In 2018 alone, Americans generated 63 million tons of food waste across commercial, institutional, and residential sectors; more than half of that was sent to landfill and just 4% was composted.
Hendrikx developed a prototype vessel a little bigger than a regular paper trash can. He says the prototype displayed at Dutch Design Week didn’t have any actual trash in it “because that would be too experimental,” but he did test it in his studio by feeding one anemone small chunks of fruit and watching it digest them over the course of eight hours. “They like bananas,” he says.
For the living bin to work, it would have to mimic a closed ecosystem, a bit like a self-sustaining aquarium with slow-moving water (a solar-powered battery could help with water flow).

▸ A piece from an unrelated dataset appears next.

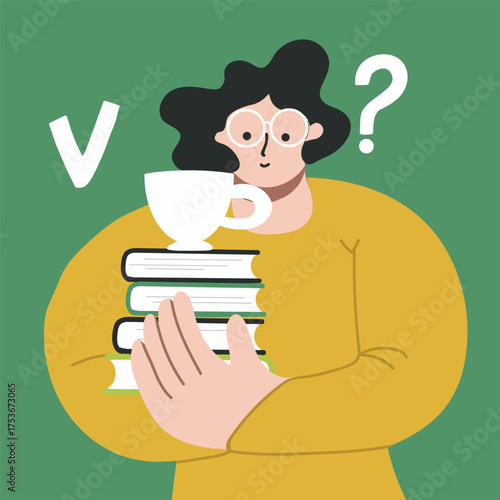Concept education, preparation for exams, student session, female character, hand drawn vector illustration.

Though it’s still theoretical, the sea anemones would absorb organic waste and excrete their own organic waste that other species would feed on, “like a cleaning crew of organisms,” Hendrikx says. Most importantly, human waste would be processed naturally, and right there, inside the bin.
The concept needs years of research before it comes to fruition, and there are a host of technicalities to solve for, but Hendrikx envisions that eventually living bins could materialize at two different scales. The first would take the shape of a compost bin, like the kind you might keep on your counter or under your sink; the second could operate at a neighborhood level, in larger vessels like repurposed sea containers with window cutouts so people could see the process inside—or as Hendrikx puts it, “see the cycle of life.”
Who knew tossing your trash could become so poetic.